There is also a possible ecological association between the P. impudicus and badger (Meles meles) setts. Fruiting bodies are commonly clustered in a zone 24 to 39 m from the entrances; the setts typically harbor a regularly-available supply of badger cadavers. The mortality rate of cubs is high and death is more likely to occur within the sett. The fruiting of large numbers of stinkhorns attracts a high population of blow-flies (Calliphora and Lucilla breed on carrion); this ensures the rapid elimination of badger carcasses, removing a potential source of disease to the badger colony.
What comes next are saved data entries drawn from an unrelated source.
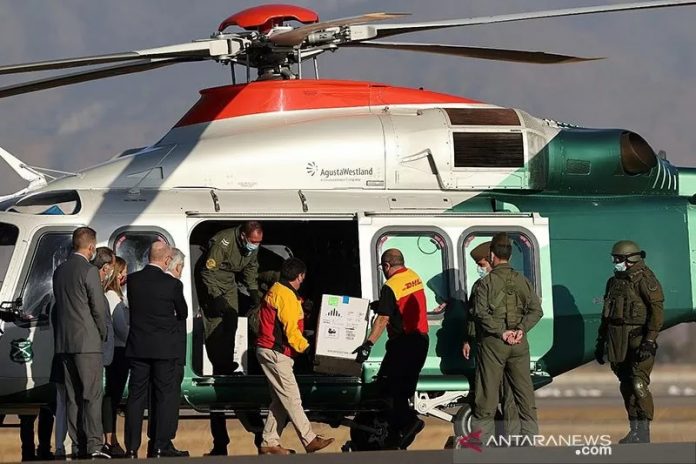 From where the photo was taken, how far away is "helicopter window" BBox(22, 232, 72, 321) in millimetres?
12344

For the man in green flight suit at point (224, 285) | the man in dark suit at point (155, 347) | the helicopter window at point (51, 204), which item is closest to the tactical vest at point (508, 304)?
the man in green flight suit at point (224, 285)

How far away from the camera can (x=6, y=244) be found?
1256 cm

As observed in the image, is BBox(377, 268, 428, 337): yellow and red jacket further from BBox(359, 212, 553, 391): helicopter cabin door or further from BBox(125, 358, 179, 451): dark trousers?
BBox(125, 358, 179, 451): dark trousers

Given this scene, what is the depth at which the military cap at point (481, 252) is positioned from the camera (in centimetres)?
1262

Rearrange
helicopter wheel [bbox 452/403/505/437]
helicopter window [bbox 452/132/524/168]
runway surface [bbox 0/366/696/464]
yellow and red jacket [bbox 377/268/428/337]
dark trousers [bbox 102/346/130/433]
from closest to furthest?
1. runway surface [bbox 0/366/696/464]
2. dark trousers [bbox 102/346/130/433]
3. yellow and red jacket [bbox 377/268/428/337]
4. helicopter wheel [bbox 452/403/505/437]
5. helicopter window [bbox 452/132/524/168]

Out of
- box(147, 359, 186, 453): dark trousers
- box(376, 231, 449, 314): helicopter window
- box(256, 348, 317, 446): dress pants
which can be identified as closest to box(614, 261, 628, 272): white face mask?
box(376, 231, 449, 314): helicopter window

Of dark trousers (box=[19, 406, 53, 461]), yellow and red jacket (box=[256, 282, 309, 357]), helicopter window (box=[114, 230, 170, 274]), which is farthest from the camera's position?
dark trousers (box=[19, 406, 53, 461])

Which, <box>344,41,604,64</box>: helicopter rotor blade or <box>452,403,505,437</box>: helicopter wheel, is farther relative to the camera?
<box>344,41,604,64</box>: helicopter rotor blade

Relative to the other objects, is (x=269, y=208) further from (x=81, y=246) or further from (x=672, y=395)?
(x=672, y=395)

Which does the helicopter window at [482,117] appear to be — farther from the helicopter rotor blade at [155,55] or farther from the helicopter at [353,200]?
the helicopter rotor blade at [155,55]

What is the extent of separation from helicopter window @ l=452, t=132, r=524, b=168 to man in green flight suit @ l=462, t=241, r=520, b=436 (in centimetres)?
90

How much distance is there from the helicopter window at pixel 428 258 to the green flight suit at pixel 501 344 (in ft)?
3.05

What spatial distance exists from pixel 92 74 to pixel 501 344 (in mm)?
4871

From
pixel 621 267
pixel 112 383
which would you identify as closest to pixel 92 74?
pixel 112 383
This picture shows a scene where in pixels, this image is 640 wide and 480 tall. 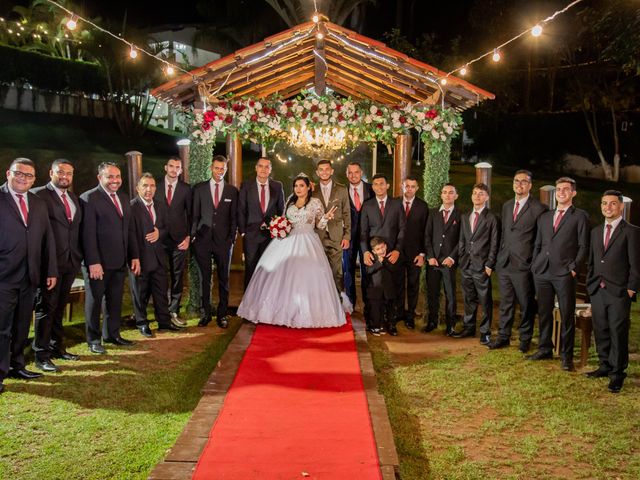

The laxative effect of the gleba reduces the distance from the fruiting body to where the spores are deposited, ensuring the continued production of high densities of stinkhorns.

==Uses==

At the egg stage, pieces of the inner layer (the receptaculum) can be cut out with a knife and eaten raw. They are crisp and crunchy with an attractive radishy taste. Some sources differ as to its palatability.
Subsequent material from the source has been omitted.